Roache v. AmeriFirst Bank

PER CURIAM.

Dorothy P. Roache appeals the final order that dismissed her complaint with prejudice for failure to comply with discovery orders. We reverse and remand for further proceedings.

During the course of discovery, appellant submitted a response to appellee’s initial request for production, answers to interrogatories, a response to appellee’s second request for production, two supplemental responses to the requests for production, and two supplemental answers to the interrogatories. She also gave a four hundred forty-four page deposition and agreed to make her “bulky” books and records available to appellee for inspection or copying.

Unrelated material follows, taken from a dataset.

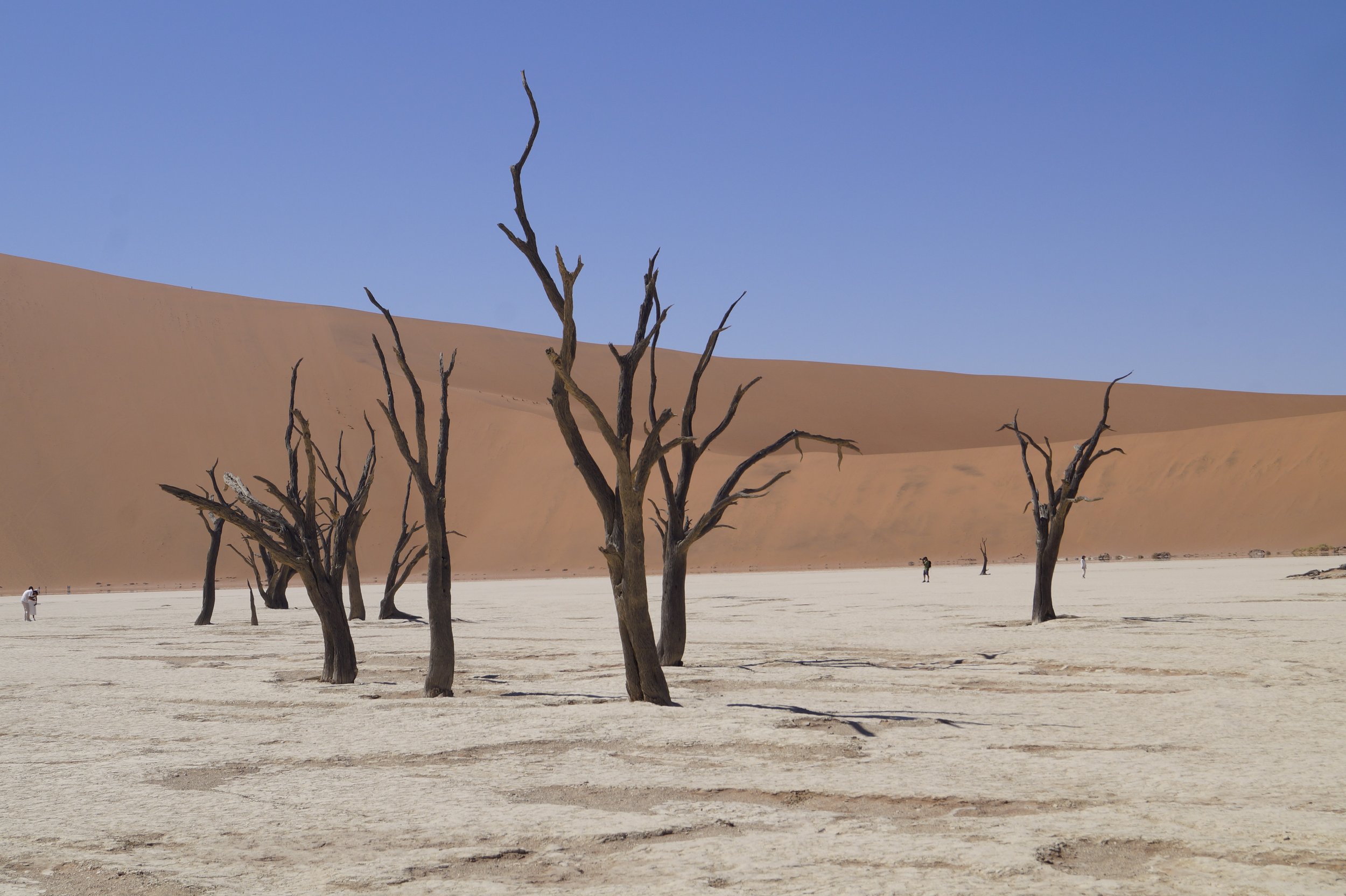 Dance of trees with people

Appellee filed a motion for sanctions that sought “an Order striking [appellant’s] pleadings and dismissing [appellant’s] Complaint in the event that documentation sought by [appellee] ... is not produced unthin ten (10) days or, in the case of bulky business records, is [sic] not produced no later than 72 hours prior to any depositions scheduled in Jamaica.” [Emphasis added.]1 At the hearing, the trial court entered the appealed order.

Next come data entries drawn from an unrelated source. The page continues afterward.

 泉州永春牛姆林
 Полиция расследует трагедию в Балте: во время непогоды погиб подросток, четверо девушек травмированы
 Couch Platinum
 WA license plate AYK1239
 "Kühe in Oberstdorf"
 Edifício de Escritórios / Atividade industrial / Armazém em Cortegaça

We hold that the trial court abused its discretion when it immediately struck appellant’s pleadings and dismissed her complaint in response to the motion that only sought those sanctions if compliance did not occur in the future.

We also hold that the trial court abused its discretion when it struck the pleadings and dismissed the complaint because appellant’s conduct was “egregious” with “barely a scintilla of a good faith to comply” with discovery. This court in U.S.B. Acquisition Co. v. U.S. Block, 564 So.2d 221 (Fla. 4th DCA), rev. denied, 574 So.2d 144 (Fla.1990), stated:

To strike pleadings for failure to comply with discovery orders is the most severe of all sanctions and should be resorted to only in extreme circumstances. Mercer v. Baine, 443 So.2d 944 (Fla.1983). Only a deliberate and contumacious disregard of the court’s authority, bad faith, willful disregard or gross indifference to an order of the court or conduct which evinces deliberate callousness will justify a dismissal of pleadings for a violation of discovery procedures. Herold v. Computer Components Inti, Inc., 252 So.2d 576 (Fla. 4th DCA 1971); Swindle v. Reid, 242 So.2d 751 (Fla. 4th DCA 1970). An outright noncompliance with discovery orders may justify the dismissal of pleadings, mere foot dragging usually does not. See United States Automobile Ass’n v. Strasser, 492 So.2d 399 (Fla. 4th DCA 1986), rev. denied, 501 So.2d 1283 (Fla.1987).

Id. at 222.

On remand, the trial court may consider whether to impose a different sanction.

REVERSED AND REMANDED.

*1242WARNER and GARRETT, JJ., concur. GLICKSTEIN, C.J., dissents with opinion.

. It appears that appellee’s counsel sought the motion so that his trip to Jamaica to conduct further discovery would not be frustrated due to missing documents or unavailable records.